Paysage

Les villes et villages fleuris soignent leur crise de la soixantaine

Les Villes et villages fleuris de France cherchent leurs repères dans la nouvelle organisation territoriale. Un an avant de fêter le soixantième anniversaire du concours, leur président Paul Roncière a convié le jury national, le 14 mars, à participer à une réflexion sur la redéfinition du label et la quête d’un nouvel élan.

Le processus de refondation lancé le 14 mars s’est focalisé sur le maillon faible du dispositif du conseil national des Villes et villages fleuris de France (CNVVF), association de collectivités présidée par un représentant de l’Etat : l’échelon intermédiaire entre ce dernier et les communes. Comment éviter les redondances entre les départements, traditionnellement compétents pour l’attribution des premières fleurs, et les régions, organisatrices des concours des secondes et troisièmes fleurs ?

 

Synergie bourguignonne

 

Avec une procédure dérogatoire par rapport aux standards du CNVVF, la Côte-d’Or et la Bourgogne présentent, depuis 2014, un exemple de synergie applaudi par de nombreuses collectivités conviées au séminaire du 14 mars : deux des quatre jurés représentent la Côte-d’Or, tandis que la Région nomme les deux autres. « L’attribution conjointe des prix, entre une et trois fleurs, a permis de diminuer les coûts en maintenant la qualité », commente Jean-Philippe Pérusson. Animateur régional du label pour la nouvelle région Bourgogne Franche-Comté, il s’emploie à généraliser ce modèle dans les huit départements.

Mais les régions recalibrées ont-elles bien pris la mesure des attentes de la base communale ? Avec 13 départements depuis 2016, l’animatrice occitane du label Maryse Boy reconnaît : «  4500 km en dix jours pour tenir la promesse de visiter chaque commune labellisée au moins tous les trois ans, c’est lourd.

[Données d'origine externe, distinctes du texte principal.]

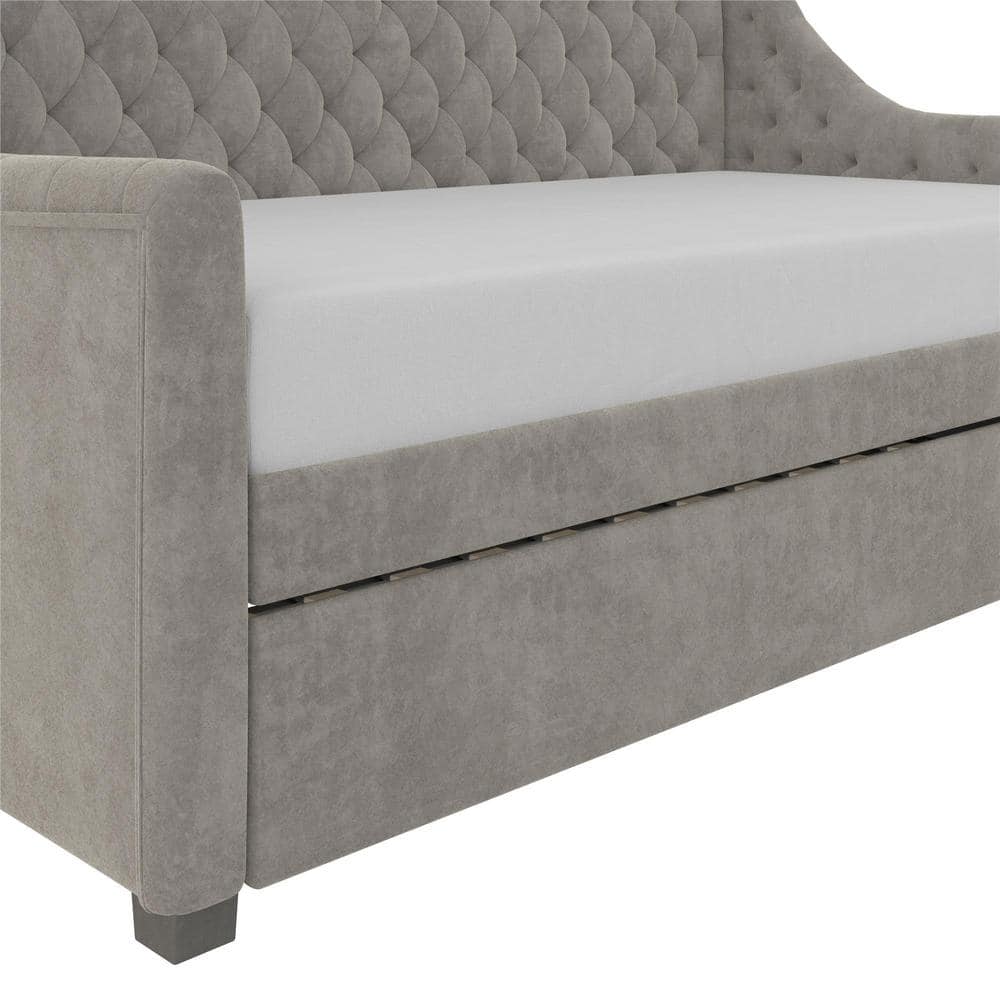 Light Gray Velvet Twin Daybed with Trundle and Tufted Upholstery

Mais comment labelliser sans visiter ? »

 

Couac breton

 

L’éloignement lié aux nouveaux périmètres n’explique pas tout : « la Bretagne n’a pas accueilli notre proposition de convention avec enthousiasme », rappelle le préfet Paul Roncière, président du CNVVF. La même région offre pourtant un modèle départemental : « Nous évitons de parler de jury, de  concours et d’inscriptions aux communes qui choisissent un accompagnement de leur fleurissement sans label », explique Christine Hamon Rondo, animatrice des VVF dans les Cotes-d’Armor qui affichent le score plus qu’honorable de 66 labellisés sur 373 communes.

 

Fougueux sexagénaire

 

Aux difficiles questions territoriales, le CNVVF ajoute quelques interrogations existentielles : le mot concours reste-t-il nécessaire ? Quel juste équilibre trouver entre le pilotage national et l’initiative départementale ou régionale ? Comment valoriser l’association entre fleurissement et autosuffisance alimentaire locale ? Entre tourisme et environnement, faut-il choisir une priorité ?

« Nous ne sommes pas un label environnemental. Notre force réside dans l’approche globale », répond Martine Lesage, directrice du CNVVF. Forte des nouveaux moyens nés de la cotisation obligatoire en vigueur depuis 2017 après la suppression des subventions d’Etat, la petite équipe de quatre personnes ne ménagera ni sa peine, ni ses efforts de communication, dans la période charnière qui précède le jubilée de 2019 : « Je suis prête à me rendre chez vous chaque fois que vous me demanderez ». Martine Lesage ajoute une certitude à cette promesse : « Notre label sera toujours jeune ».